Carbon capture and storage technology is being used by at least one facility in Illinois that is processing corn as a conventional biofuel to create ethanol, but these systems are not yet widespread. As part of the study, researchers created models to simulate what this would look like at a cellulosic biofuel refinery.
What we found is that around half of the carbon in the switchgrass that comes into the refinery becomes a byproduct that would be available for carbon capture and storage.—John Field
The resulting byproduct streams of high-purity carbon dioxide would not require much separation or clean-up before being stored underground.
The research team analyzed three contrasting US case studies and found that on land where farmers or land managers were transitioning out of growing crops or maintaining pastures for grazing, cultivating switchgrass for cellulosic ethanol production had a per-hectare mitigation potential comparable to reforestation and several-fold greater than grassland restoration. (A hectare is about two-and-a-half times the size of an average football field.)
Using switchgrass can be particularly helpful in parts of the country where planting more trees is not an option.

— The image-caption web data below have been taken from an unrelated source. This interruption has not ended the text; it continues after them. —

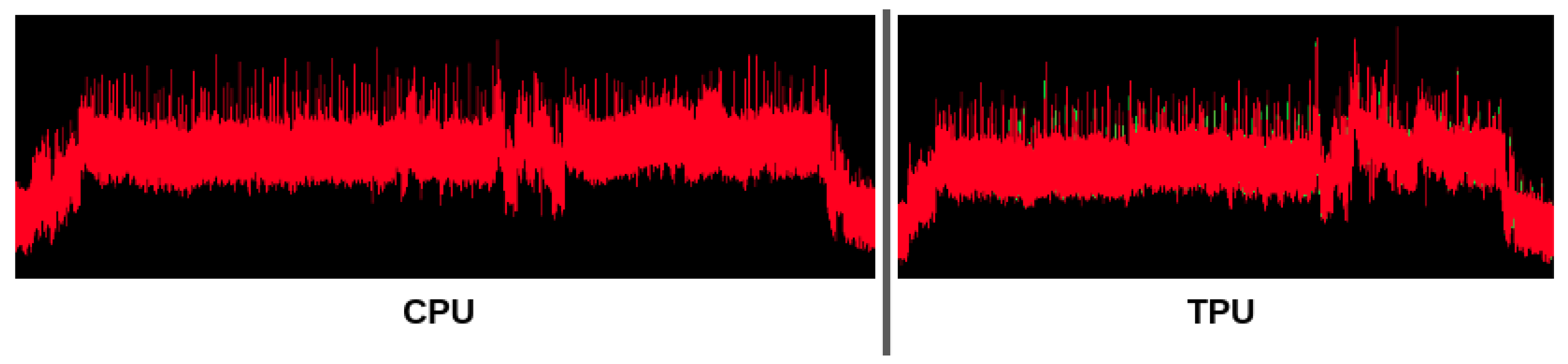 Symmetry 16 00091 g002
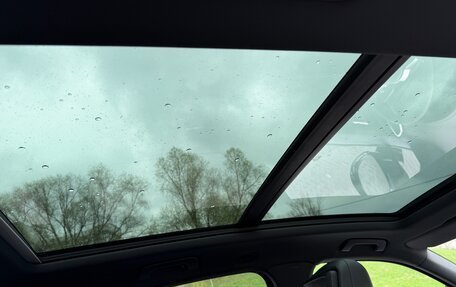 Porsche Cayenne III, 2019 год, 6 890 000 рублей, 20 фотография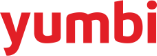 Yumbi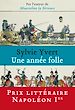 Télécharger le livre :  Une année folle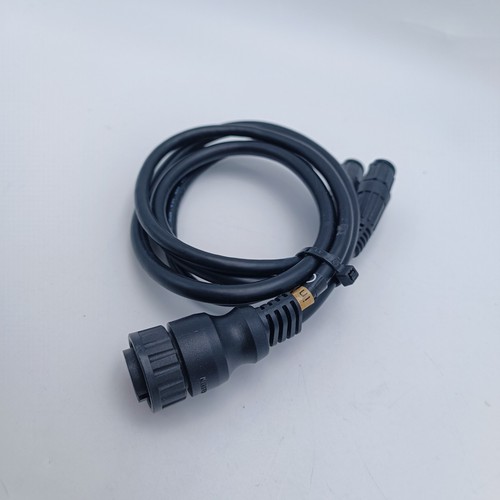 Garmin gpsmap wandler - garmin,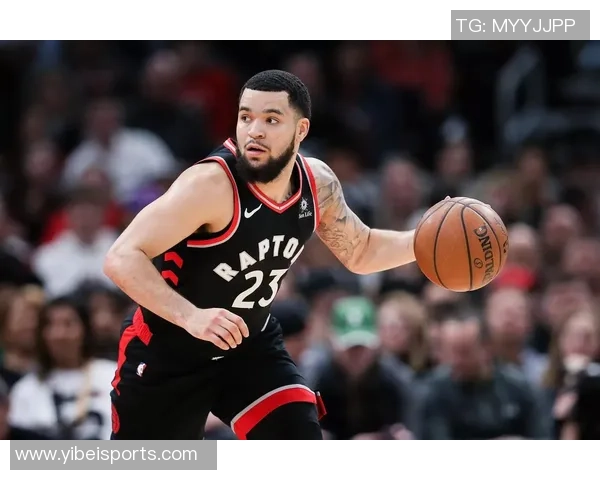 范弗里特谈分卫排名变化哈登如今更像控卫角色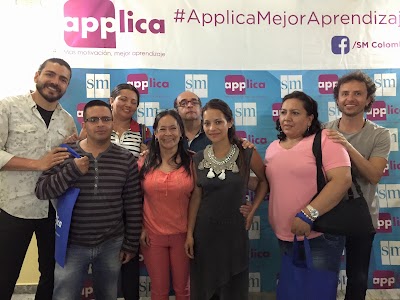 Photos of COLEGIO MIXTO SINTRAFEC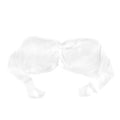 Engångs-bh Non-Woven 10-pack – Hygieniska underkläder
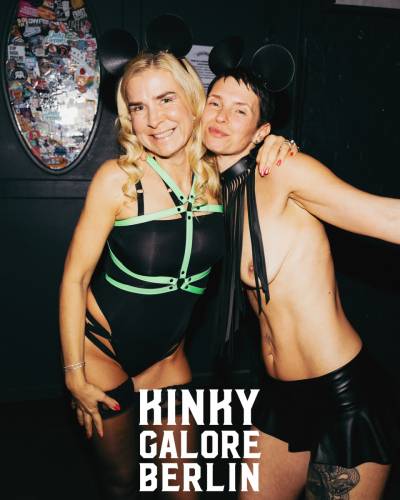 2024 aderholdprojects fotografie kinky galore Berlin fetisch nude porn art fotografie5251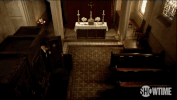 season 3 showtime GIF by Ray Donovan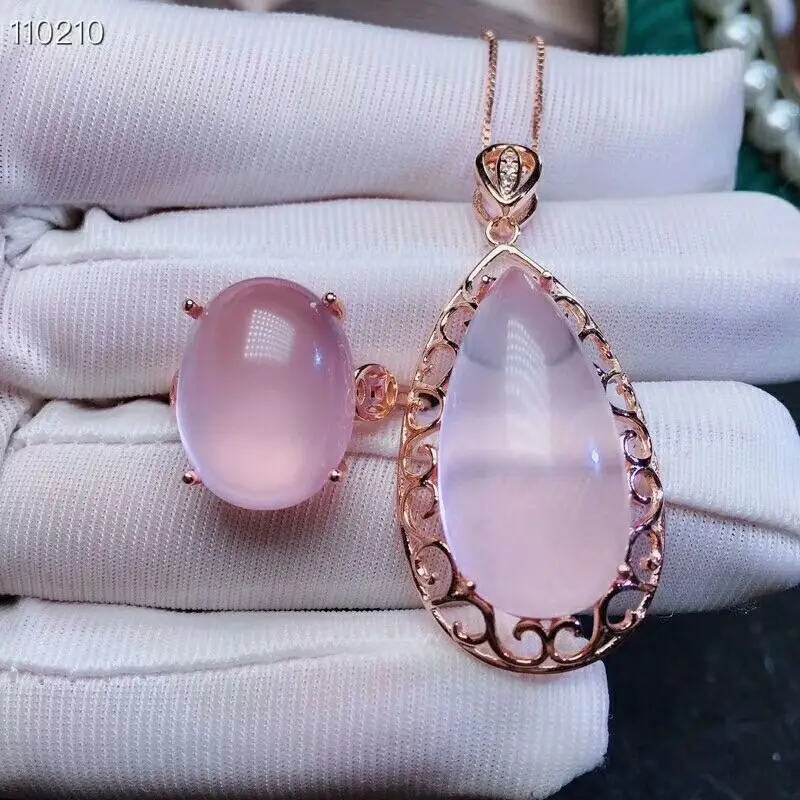 QQ20190108161449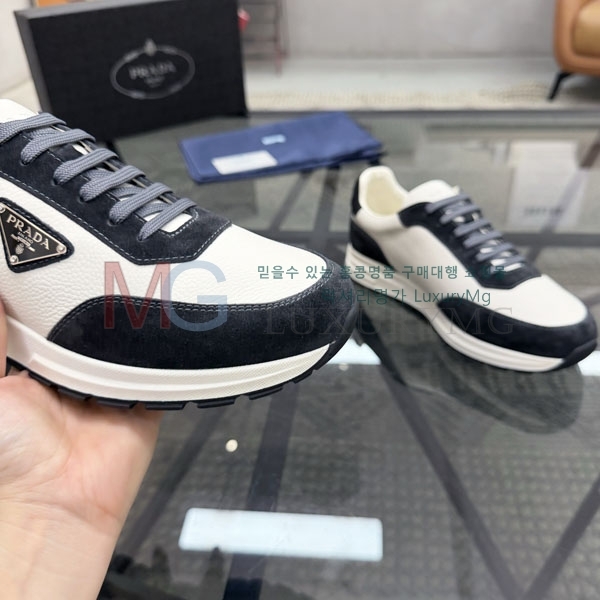 ���� ����� ����Ŀ�� PD655021-5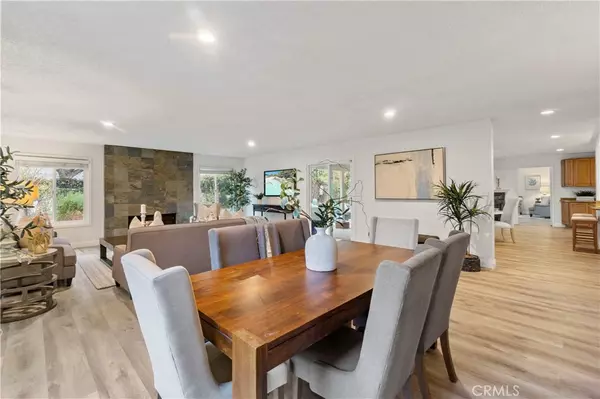 Santa Ana, CA 92706,2338 N Towner ST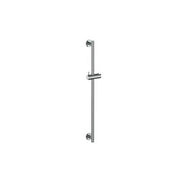 Vogt SB.06.27 Drava 27" Shower Rail
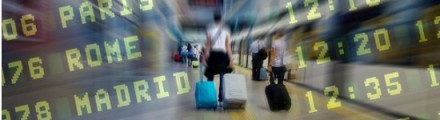 Cadenas de valise Travelhawk - Cadenas de voyage TSA - Cadenas à  combinaison - Cadenas
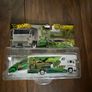 Hot Wheels Rexy Image 5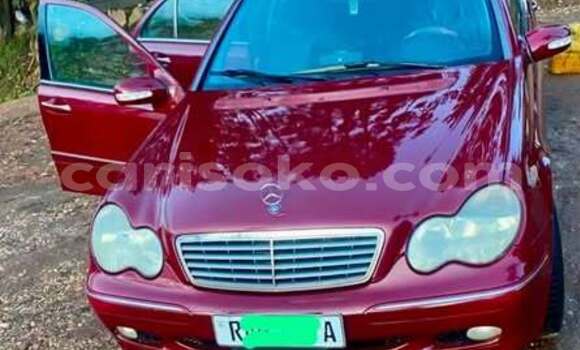 Acheter Occasion Voiture Toyota Corolla Autre à Kigali, Rwanda Acheter Occasion Voiture Toyota Corolla Autre à Kigali, Rwanda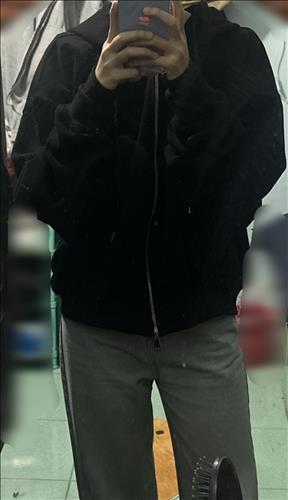 hẹn hò - Nhuuuu-Les -Tuổi:27 - Độc thân-Kiên Giang-Tìm bạn tâm sự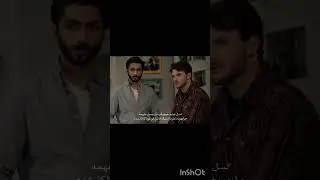 #عاشقانه #edit #sekans #سکانس #فیلم#تاسیان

In the Great Plains, prairie is the more natural cover. Those systems don’t suck up as much carbon as a forest system does. If you start putting biofuels in the mix, they have two-and-a-half times the carbon benefits over grasslands. If you’re in an area where grassland would be the native cover, there’s a clear advantage to using biofuels.—John Field
Field said that the team’s motivation for the study comes on the heels of several prominent critiques of biofuels.
This analysis shows a quantitatively reasoned case as to why the biofuel industry should advance, not simply as a means to provide a truly renewable source of biofuel but—when combined with carbon capture and storage—a means to actually remove carbon dioxide from the atmosphere at scale and in a viable manner.—Stephen Long, a co-author and the Stanley O. Ikenberry Chair Professor of Plant Biology and Crop Sciences at the University of Illinois
Moving forward, the research team hopes to expand on its modeling, scaling it up nationally rather than looking at a few specific sites across the country.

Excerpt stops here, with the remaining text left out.